_Exercise_
The records that follow are to be transcribed in full, leaving out each picture.

_Supplied records_

Content starts

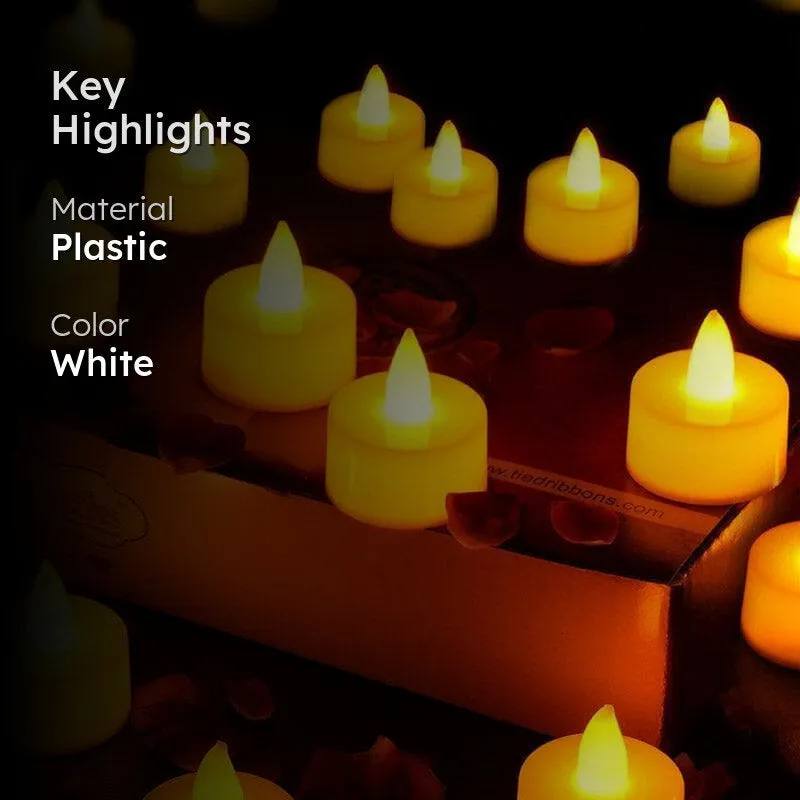 Seiko LED Tealight Candles - Set Of Twenty Four media 2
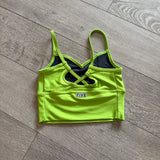 Five Dancewear, Formation Crop Top in Lime Green, PA Child 12/14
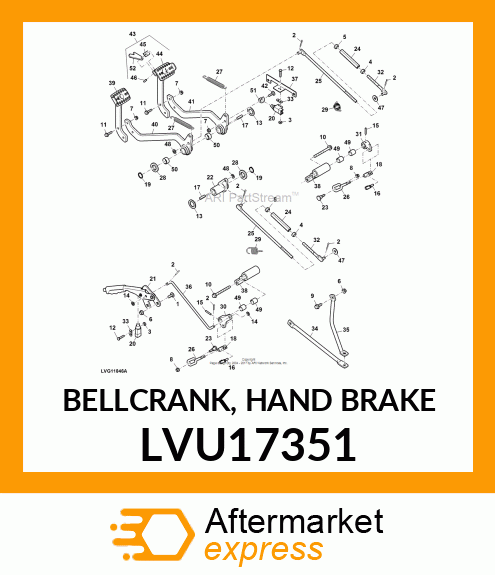 BELLCRANK, HAND BRAKE LVU17351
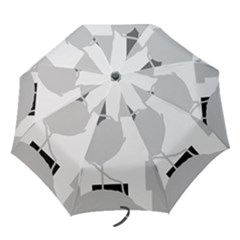 Gray Hart Folding Umbrellas by Valentinaart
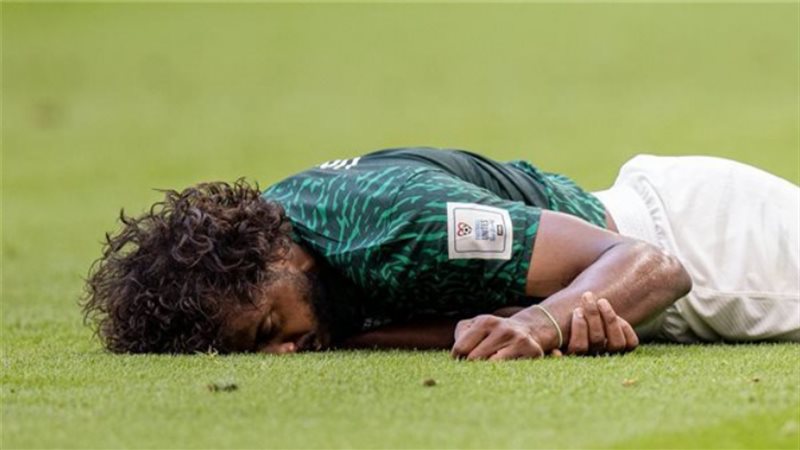 لحظة إصابة ياسر الشهراني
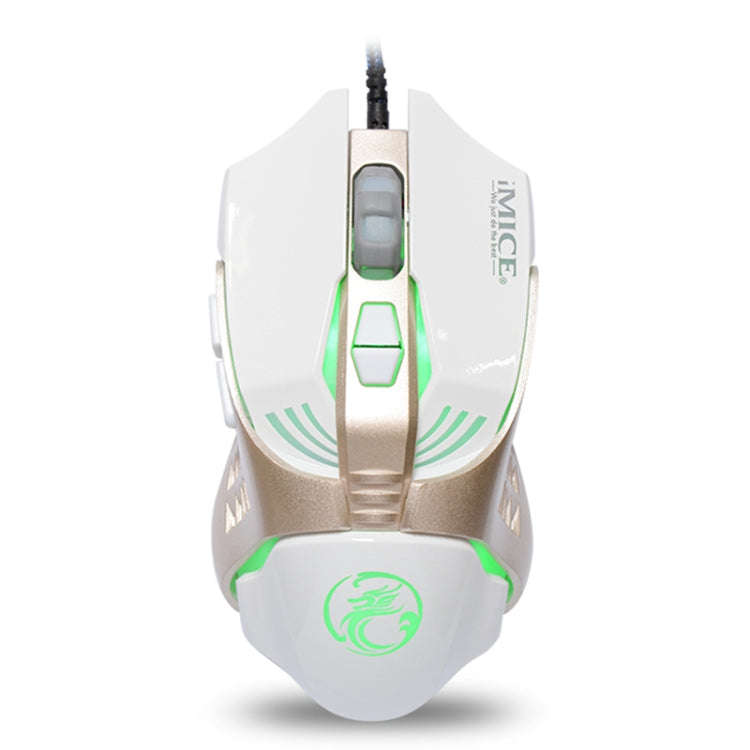 iMICE V5 USB 7 Buttons 4000 DPI Wired Optical Colorful Backlight Gaming Mouse for Computer PC Lap...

Content ends

_Solution for this task_
 Seiko LED Tealight Candles - Set Of Twenty Four media 2
 Five Dancewear, Formation Crop Top in Lime Green, PA Child 12/14
 BELLCRANK, HAND BRAKE LVU17351
 Gray Hart Folding Umbrellas by Valentinaart
 لحظة إصابة ياسر الشهراني
 iMICE V5 USB 7 Buttons 4000 DPI Wired Optical Colorful Backlight Gaming Mouse for Computer PC Lap...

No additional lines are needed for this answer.